A pegada aqui é contar a história da Cinderela do ponto de vista de uma de suas meia-irmãs. Você já tinha pensado em todo o sofrimento desta vilão clássica da literatura e dos desenhos animados? Tudo para pegar seu príncipe? Pois está na hora de pensar.
CRÍTICA A MEIA-IRMÃ FEIA
Curiosamente, o filme começa com algo que não me lembro de ter visto antes: o casamento do pai da Cinderela com a futura madrasta malvada. Obviamente, ele morre e deixa a mulher, uma interesseira, presa com a filha dele. Ao contrário das versões mais conhecidas, a família da moça não é má o tempo todo. Tipo, elas fazem algumas maldades e a Cinderela é vítima, mas a coisa é bem mais leve do que em A Maldição de Cinderela.

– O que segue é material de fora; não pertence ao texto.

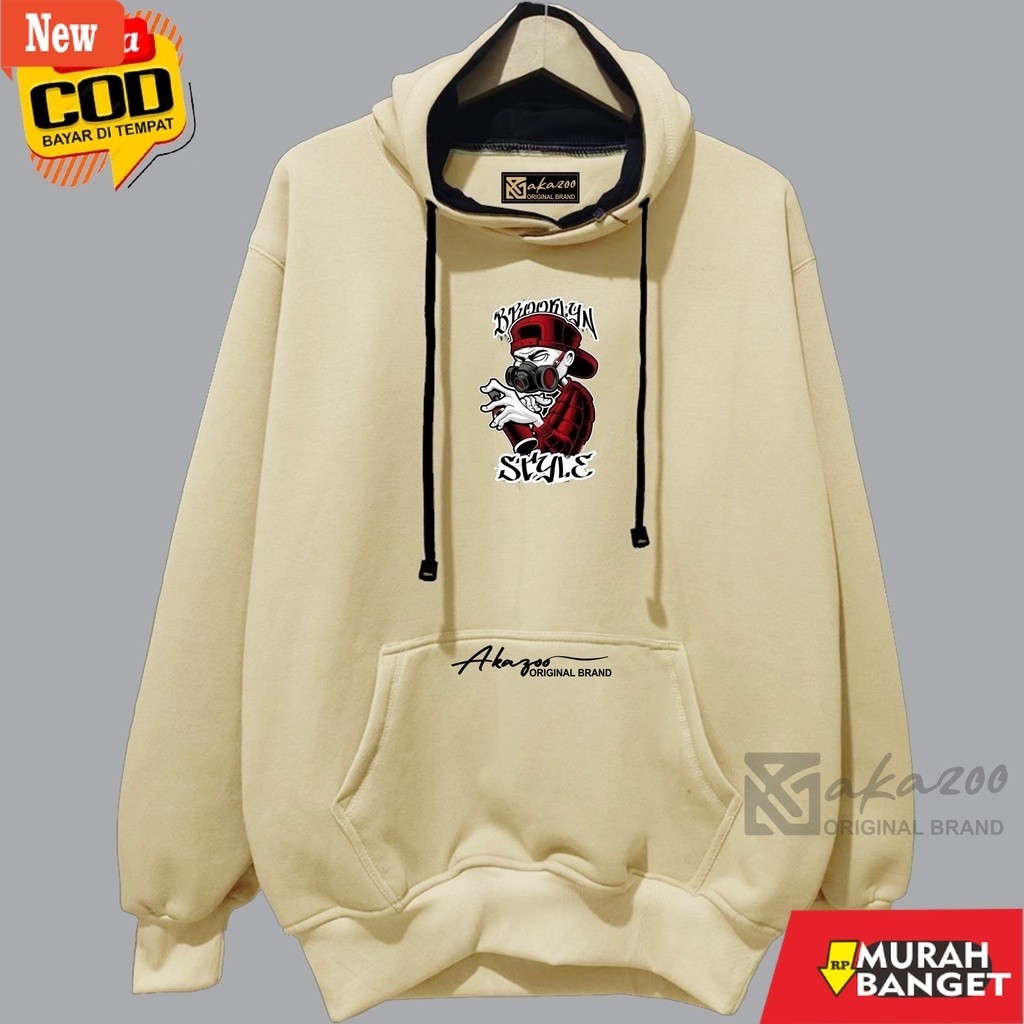 hoodie pria recomended shopee hoodie pria distro tebal keren viral 2022 akazoo warna cream BROKLYN S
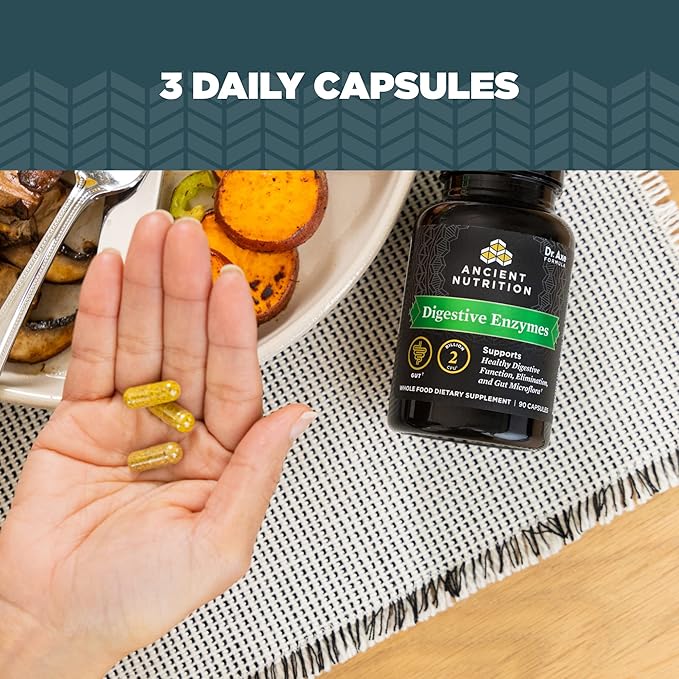 Ancient Nutrition Digestive Enzymes, Supports Gut Health, Promotes Healthy Digestive Function, 90 Ct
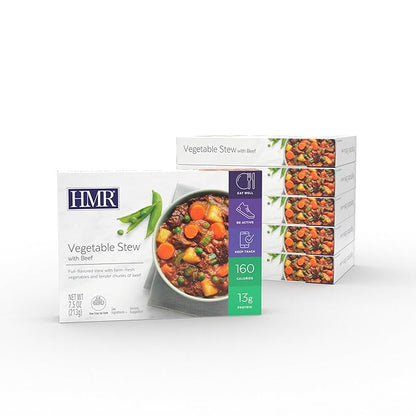 HMR Vegetable Stew with Beef Entrée | Pre-packaged Lunch or Dinner to Support Weight Loss | Ready to Eat | 13g of Protein | Low Calorie Food | 8oz Serving per Meal | Pack of 6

Ao invés disso, a verdadeira vítima aqui é a Elvira, a tal Meia-Irmã Feia. Quando a família fica sabendo do baile onde o príncipe vai escolher sua noiva, todos resolvem deixar a dita-cuja bonita para ser escolhida por ele. O principal problema narrativo é que ela não é feia nem no começo.

Isso não seria um problema na literatura, mas no cinema, uma arte audiovisual, é. Afinal, não basta você dizer que alguém é feia, você precisa mostrar isso. Caso contrário, há uma ruptura, como a magérrima Anne Hathaway fazendo papel de gorda em O Diabo Veste Prada.
É PRECISO SOFRER PARA SER BONITA
A Meia-Irmã Feia é basicamente um filme sobre os procedimentos e sofrimentos a que a Elvira se submete para ficar “bonita”. Ela passa por cirurgias, engole um ovo de tênia para emagrecer e resolve o problema do sapatinho de cristal exatamente da mesma forma que uma das paródias anteriores fez. É tudo bem explícito e, sinceramente, chocante. Até mesmo as cenas de cirurgias são terríveis e filmadas com o sadismo típico de um body horror. Aliás, em muitos aspectos, A Meia-Irmã Feia lembra A Substância. Só não é bom.
O resultado de tanto sofrimento é bem semelhante ao que o Jonas Jogador vive fazendo para “consertar” as mulheres de videogame que não considera femininas o suficiente. Você já deve ter visto algumas das reconstruções da Alloy, por exemplo.
Mas no final das contas, a história é a mesma que já conhecemos, apenas contada de outro ponto de vista. A Cinderela dança com o príncipe, ela foge à meia-noite, esquece um sapato, etc. O filme apenas contribui para tornar a Elvira uma figura menos vilanesca, e mais trágica. Isso é o suficiente para você? Cá entre nós, essas paródias de domínio público já deram o que tinham que dar criativamente, mas aparentemente são uma boa fonte de renda para os envolvidos. Então continuam sendo feitas. E eu continuo resenhando. Oh, dia. Oh, vida. Oh, mais uma Cinderela.